- [WHAT YOU WILL DO]: What you return should be the lines from the first line of the records below through the line holding "Craig Conover smiling, Kristin", unchanged.

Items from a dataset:
====================

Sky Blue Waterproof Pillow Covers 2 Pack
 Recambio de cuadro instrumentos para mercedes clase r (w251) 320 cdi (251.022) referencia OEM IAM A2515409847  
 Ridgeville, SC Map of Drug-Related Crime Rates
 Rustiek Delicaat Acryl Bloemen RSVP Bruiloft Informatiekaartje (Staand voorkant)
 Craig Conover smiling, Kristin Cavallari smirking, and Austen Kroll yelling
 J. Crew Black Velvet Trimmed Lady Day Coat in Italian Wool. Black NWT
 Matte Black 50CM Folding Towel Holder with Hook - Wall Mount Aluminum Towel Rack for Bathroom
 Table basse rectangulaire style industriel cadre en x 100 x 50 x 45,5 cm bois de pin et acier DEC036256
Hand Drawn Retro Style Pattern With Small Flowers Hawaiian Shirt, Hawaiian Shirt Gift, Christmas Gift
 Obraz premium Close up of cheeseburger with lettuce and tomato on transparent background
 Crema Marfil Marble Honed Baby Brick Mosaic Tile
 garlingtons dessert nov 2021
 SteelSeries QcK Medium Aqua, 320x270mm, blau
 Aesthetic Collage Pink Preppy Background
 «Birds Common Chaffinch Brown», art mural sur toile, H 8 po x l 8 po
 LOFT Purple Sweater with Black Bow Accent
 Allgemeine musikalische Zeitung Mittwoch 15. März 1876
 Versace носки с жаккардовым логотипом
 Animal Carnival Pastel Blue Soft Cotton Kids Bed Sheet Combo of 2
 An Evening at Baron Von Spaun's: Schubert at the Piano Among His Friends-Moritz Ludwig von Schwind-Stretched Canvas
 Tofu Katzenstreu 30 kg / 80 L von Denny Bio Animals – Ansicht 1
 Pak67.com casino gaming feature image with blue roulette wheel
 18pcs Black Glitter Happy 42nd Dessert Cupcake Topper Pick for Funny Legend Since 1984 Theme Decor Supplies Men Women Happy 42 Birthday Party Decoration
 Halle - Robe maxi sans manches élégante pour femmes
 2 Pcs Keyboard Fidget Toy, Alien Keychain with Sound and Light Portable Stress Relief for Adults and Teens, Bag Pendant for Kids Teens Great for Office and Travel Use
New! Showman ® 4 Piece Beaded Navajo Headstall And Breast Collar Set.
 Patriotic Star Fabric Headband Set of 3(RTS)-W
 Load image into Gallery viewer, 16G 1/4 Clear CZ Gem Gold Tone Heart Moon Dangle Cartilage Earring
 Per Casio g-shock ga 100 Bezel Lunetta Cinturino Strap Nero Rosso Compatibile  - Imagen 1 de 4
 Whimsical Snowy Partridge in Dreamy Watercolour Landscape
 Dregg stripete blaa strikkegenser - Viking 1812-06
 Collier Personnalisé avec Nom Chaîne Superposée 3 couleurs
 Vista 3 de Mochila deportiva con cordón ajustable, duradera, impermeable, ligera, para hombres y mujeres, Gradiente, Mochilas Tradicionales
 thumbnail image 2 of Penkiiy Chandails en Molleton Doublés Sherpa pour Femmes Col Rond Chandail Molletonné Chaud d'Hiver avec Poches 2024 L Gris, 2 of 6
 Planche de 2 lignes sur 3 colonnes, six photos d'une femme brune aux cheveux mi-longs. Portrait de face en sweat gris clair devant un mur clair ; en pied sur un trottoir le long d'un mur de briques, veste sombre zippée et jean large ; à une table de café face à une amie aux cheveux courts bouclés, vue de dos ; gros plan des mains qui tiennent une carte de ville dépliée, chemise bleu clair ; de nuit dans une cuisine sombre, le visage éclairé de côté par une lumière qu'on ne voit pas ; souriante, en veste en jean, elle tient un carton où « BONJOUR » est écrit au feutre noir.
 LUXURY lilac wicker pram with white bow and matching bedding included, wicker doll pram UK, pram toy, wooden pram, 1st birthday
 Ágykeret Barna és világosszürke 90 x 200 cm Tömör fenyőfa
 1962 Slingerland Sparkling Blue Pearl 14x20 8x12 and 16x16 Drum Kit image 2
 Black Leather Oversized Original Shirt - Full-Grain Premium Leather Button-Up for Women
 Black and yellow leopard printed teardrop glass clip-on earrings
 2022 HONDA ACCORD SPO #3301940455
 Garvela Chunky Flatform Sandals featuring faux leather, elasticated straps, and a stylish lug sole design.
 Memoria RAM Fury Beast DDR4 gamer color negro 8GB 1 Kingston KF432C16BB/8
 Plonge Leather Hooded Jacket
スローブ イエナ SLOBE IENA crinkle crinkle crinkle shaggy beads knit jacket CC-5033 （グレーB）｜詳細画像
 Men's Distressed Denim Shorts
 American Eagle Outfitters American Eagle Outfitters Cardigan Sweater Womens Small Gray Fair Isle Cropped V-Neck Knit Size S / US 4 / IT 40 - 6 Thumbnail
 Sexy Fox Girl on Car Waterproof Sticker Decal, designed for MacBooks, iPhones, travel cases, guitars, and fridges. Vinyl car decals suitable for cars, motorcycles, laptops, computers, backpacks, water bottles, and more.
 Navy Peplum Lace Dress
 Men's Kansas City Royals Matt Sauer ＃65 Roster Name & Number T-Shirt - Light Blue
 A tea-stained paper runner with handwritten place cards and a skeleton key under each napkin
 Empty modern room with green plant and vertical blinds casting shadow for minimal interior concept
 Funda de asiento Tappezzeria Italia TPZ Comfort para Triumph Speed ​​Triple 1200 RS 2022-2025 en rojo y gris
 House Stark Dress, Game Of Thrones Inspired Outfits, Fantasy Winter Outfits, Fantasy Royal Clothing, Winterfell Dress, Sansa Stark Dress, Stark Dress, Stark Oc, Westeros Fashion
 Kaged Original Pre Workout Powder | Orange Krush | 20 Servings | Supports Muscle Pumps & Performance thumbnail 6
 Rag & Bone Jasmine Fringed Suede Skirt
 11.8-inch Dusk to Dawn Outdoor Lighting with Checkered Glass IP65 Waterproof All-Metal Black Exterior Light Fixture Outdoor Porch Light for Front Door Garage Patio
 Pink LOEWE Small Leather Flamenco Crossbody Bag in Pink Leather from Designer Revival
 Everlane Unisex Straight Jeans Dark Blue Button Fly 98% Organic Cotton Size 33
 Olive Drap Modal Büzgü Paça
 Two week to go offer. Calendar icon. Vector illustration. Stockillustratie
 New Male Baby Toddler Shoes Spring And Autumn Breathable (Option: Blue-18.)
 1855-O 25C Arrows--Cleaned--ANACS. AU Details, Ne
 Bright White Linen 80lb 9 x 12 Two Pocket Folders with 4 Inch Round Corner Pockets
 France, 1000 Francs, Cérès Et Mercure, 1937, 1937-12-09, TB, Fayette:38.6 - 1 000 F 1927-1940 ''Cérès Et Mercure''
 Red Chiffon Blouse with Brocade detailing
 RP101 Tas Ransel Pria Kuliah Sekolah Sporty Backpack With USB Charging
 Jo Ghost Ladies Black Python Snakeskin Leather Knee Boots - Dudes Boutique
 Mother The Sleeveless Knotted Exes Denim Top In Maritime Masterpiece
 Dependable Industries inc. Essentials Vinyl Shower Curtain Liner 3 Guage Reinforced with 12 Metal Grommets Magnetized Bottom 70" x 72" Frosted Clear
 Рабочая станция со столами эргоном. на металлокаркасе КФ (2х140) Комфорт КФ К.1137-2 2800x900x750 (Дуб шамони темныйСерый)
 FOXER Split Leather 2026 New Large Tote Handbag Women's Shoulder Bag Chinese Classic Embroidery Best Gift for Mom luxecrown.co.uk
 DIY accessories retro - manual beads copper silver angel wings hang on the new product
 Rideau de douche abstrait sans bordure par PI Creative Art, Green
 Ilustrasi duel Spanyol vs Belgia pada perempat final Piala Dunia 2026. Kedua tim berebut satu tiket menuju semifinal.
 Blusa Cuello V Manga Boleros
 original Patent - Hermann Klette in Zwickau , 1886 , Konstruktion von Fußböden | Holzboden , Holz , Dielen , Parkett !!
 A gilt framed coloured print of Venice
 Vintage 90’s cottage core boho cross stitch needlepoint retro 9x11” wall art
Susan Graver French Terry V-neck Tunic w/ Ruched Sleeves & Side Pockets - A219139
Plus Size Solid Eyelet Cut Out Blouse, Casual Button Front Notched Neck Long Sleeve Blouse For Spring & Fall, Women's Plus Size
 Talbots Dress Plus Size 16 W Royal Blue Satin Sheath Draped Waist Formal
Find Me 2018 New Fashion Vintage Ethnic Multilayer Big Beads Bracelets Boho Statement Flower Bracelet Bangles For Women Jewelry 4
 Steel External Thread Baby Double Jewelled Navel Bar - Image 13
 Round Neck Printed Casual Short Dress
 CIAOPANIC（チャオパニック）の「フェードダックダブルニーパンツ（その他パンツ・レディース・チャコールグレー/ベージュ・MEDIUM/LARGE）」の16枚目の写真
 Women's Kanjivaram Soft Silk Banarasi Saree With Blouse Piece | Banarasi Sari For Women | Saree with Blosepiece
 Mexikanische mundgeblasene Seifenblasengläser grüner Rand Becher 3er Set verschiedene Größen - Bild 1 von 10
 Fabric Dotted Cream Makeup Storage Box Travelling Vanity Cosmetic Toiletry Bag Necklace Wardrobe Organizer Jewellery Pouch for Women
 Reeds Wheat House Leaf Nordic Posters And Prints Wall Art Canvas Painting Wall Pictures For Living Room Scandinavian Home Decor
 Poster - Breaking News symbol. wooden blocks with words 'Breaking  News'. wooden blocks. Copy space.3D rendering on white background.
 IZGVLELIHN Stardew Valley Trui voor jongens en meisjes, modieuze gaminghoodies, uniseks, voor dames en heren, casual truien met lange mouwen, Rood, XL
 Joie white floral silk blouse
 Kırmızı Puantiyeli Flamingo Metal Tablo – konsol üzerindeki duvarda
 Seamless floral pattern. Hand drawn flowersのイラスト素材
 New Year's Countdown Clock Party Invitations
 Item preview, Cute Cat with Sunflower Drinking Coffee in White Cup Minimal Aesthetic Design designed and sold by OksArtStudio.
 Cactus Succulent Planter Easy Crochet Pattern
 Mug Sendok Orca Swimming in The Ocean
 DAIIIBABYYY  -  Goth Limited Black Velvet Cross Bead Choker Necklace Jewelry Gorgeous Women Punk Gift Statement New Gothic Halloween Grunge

====================

- [TASK RESULT]:
Sky Blue Waterproof Pillow Covers 2 Pack
 Recambio de cuadro instrumentos para mercedes clase r (w251) 320 cdi (251.022) referencia OEM IAM A2515409847  
 Ridgeville, SC Map of Drug-Related Crime Rates
 Rustiek Delicaat Acryl Bloemen RSVP Bruiloft Informatiekaartje (Staand voorkant)
 Craig Conover smiling, Kristin Cavallari smirking, and Austen Kroll yelling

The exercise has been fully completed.